それなら引き止める理由も無いだろう。俺は相手の負担を考えて立ち上がった。
「殴ってしまった罰として、一ヶ月別宅から出ません。幸い俺は家庭教師をつけてもらっていますし、外に出る必要も無いでしょう。顔を見せないように大人しくしていますから。それじゃあ、俺はこれで失礼致します」
今までの罰を考えて、大体の内容を俺が導き出し伝えると、父の返答も聞かずに部屋から出た。
記憶よりも、今日の父の態度は柔らかかった。でも優しくなったわけじゃない。
一ヶ月、俺は別館から出られない。自分で言ったことではあるが、なんともまあ窮屈な状態だ。

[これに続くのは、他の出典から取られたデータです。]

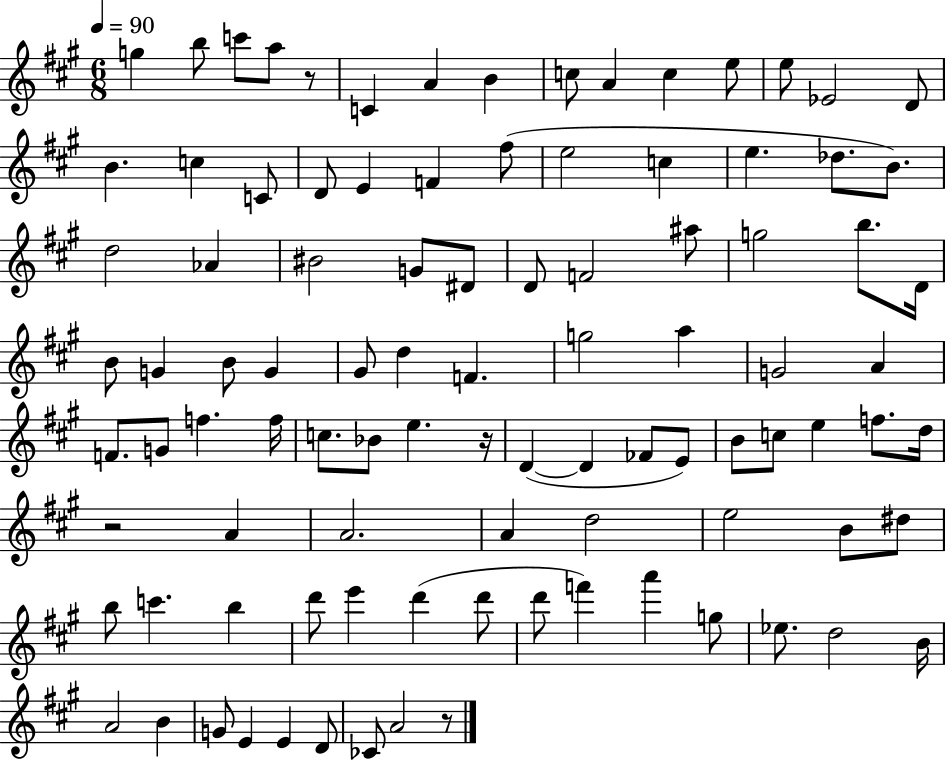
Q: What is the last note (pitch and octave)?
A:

せっかく鍛えるつもりだったのに、外に出られなくなってしまった。
でも、何もしないのは絶対に嫌だ。
どうするか考えた俺は、すぐに閃いた。
外に出て鍛えられないのなら、中で鍛えればいい。俺にはそれが出来るだけの力を持っていた。
やるなら、即行動。
俺は使用人を呼び出すベルを鳴らして、そしてとあることを頼んだ。
最初は困惑されたが、どうせいつものわがままが始まったと、すぐに諦めて従ってくれた。